There were separate breakout sessions for the adults and children.
Maj. Monique McCoy, DDEAMC's behavioral health, spoke to the adults about seven things they needed to do during the grieving process.
"Feel what you need to feel and do what you need to do," she said.
Grief is a personal process, and no one can tell another person what that person should or should not be doing. It may take one person a longer amount of time to work through feelings than it does another person.
"Get back to the basics," she said was the second point.
Thirdly, grieving people should not forget that there are people who want to help them. Also, they should keep active and even be creative.
"Tap into your creative side," she said.
Art or journalizing can help people work through their emotions. She said it was important to celebrate the lives of the one who has died as well as the ones who remain.
And lastly, she encouraged people to give back.
"You can provide comfort to others," she said.
The keynote speaker for the morning was Deborah Tainsh, a Gold Star mother who has written several books. Tainsh's stepson, Patrick, was killed when a roadside bomb exploded in Iraq on Feb. 11, 2004.
Portions of the proceeds from her book, Heart of a Hawk, go toward the Tragedy Assistance Program for Survivors.

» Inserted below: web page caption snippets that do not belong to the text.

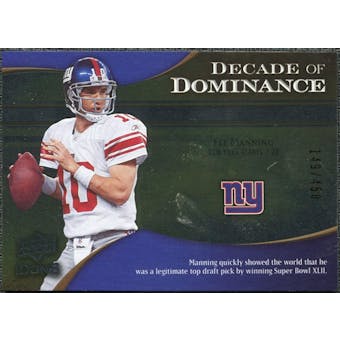 2009 Upper Deck Icons Decade of Dominance Silver #DDEM Eli Manning /450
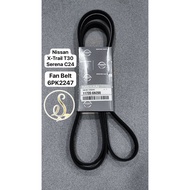( 100% Original ) Nissan Fan Belt 11720-6N200 for Nissan X-Trail T30 SERENA C24 - 6PK2247 ( 6PK2245 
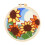 Punch Needle Embroidery Kit Flower Design 8 inch 1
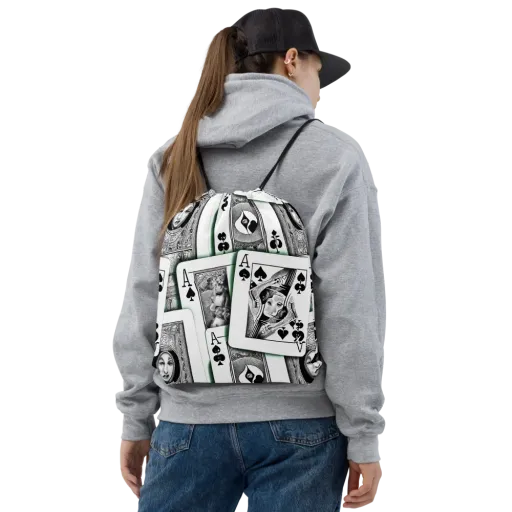 Intense, By Bunny Yeager on a Drawstring Bag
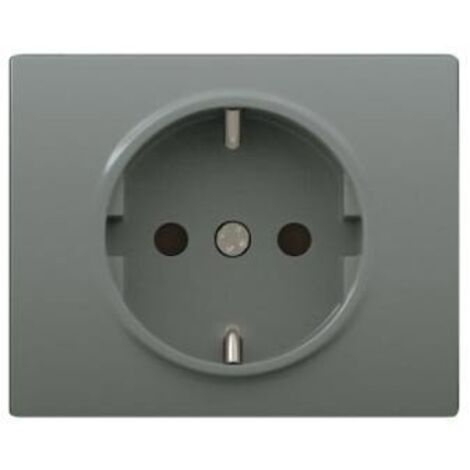Tapa enchufe schuko 2P+TT ACERO NEPTUNO BJC IRIS 18724-AN
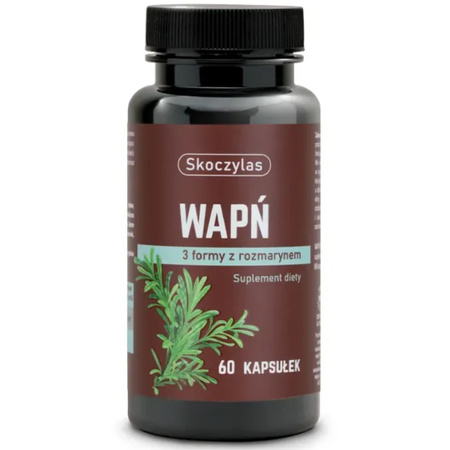 Skoczylas Wapń 3 formy z Rozmarynem - 60 kapsułek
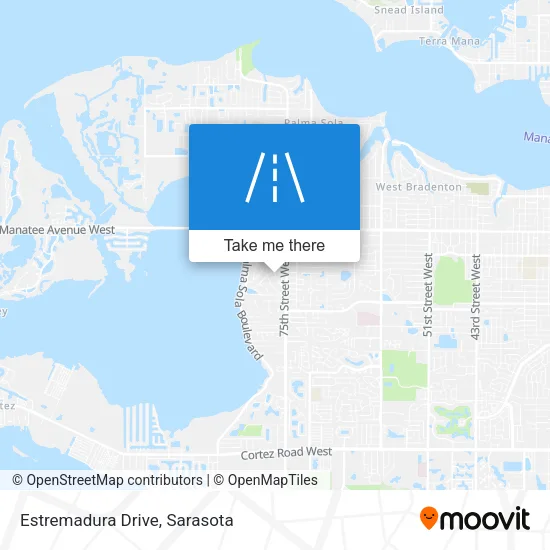 Estremadura Drive map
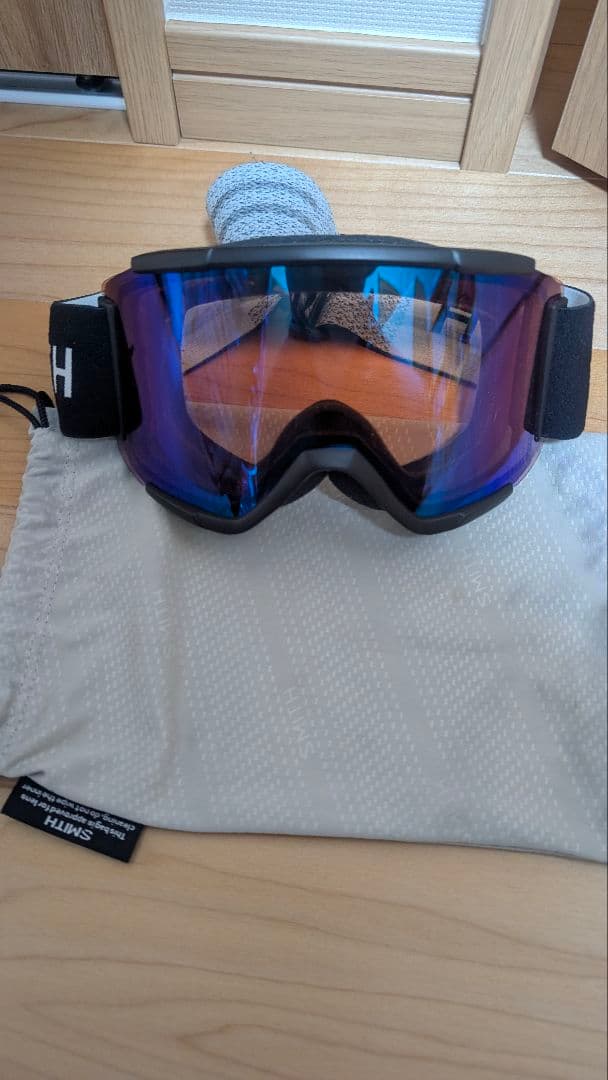 SMITH スキーゴーグル ブルー/パープル
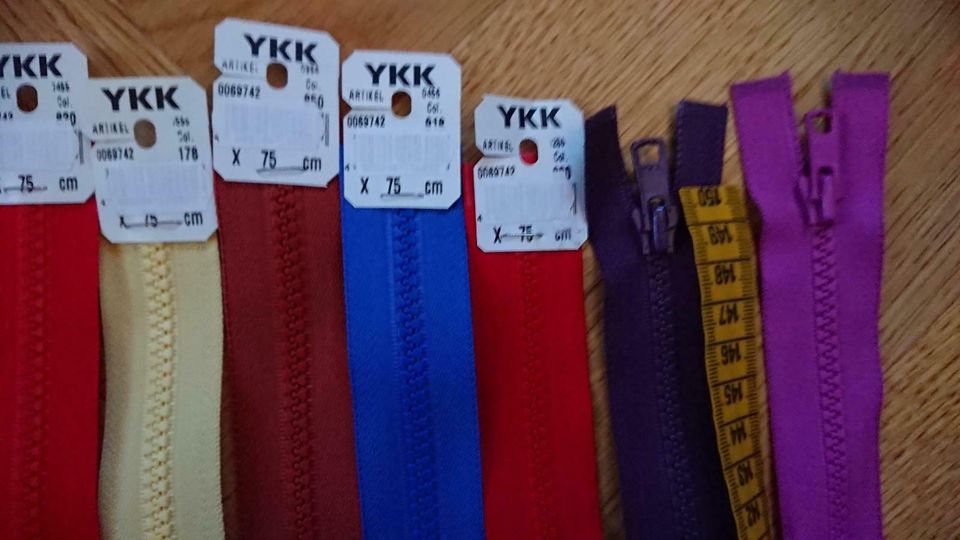 YKK Reißverschlüsse Konvolut teilbar Anorak 35 50 60 65 70 75 80 in Ulm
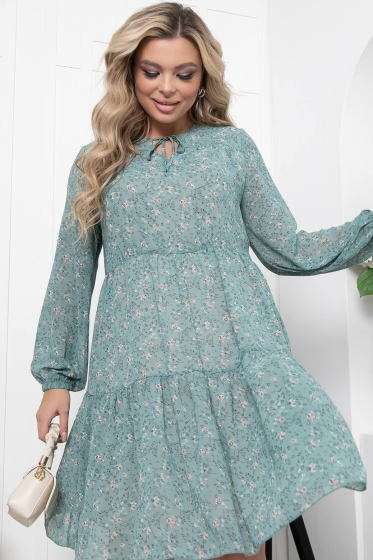 Платье "Парадиз" (олива) П5364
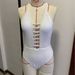 Women's Hollow-Out One-Piece Swimsuit – Sexy Strappy Cutout Monokini, Adjustable Back Ties & Removable Padded Cups (Sizes S-L, White)_ecoleips.com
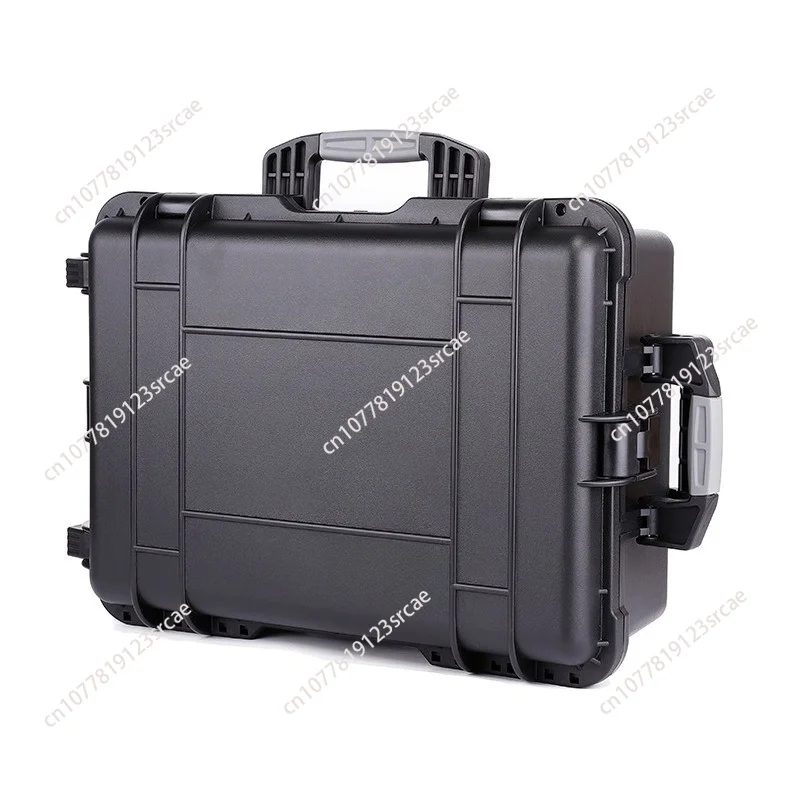 D6125 Plastic Durable IP67 Stackable Large Wheeled Tool Hard Case With Exhaust Valve Design Carrying Case With Foam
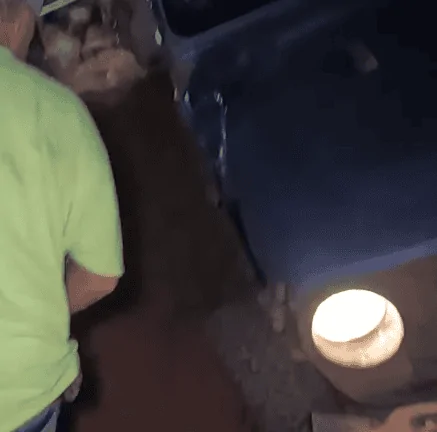 Jeep Gladiator Gladiator overturned on trail... MORR Video: There's No Good Way to Rescue This Jeep! 1666804759255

With the TAPS program, she and her husband work as grief mentors.
Writing for her was important to the healing process.
"The importance of journaling is writing is a cathartic process," she said.
Not only did Tainsh speak to the surviving Family members on Saturday, but she met with members of the Warrior Transition Battalion earlier in the week.
"We all have one thing in common - survivor guilt," she said.
The summit ended with an emotional ceremony in memory of the service members.
Kennedy encouraged Family members to provide feedback during and after the event.
"It's important we get your feedback," he said. "It really is important. We need your help."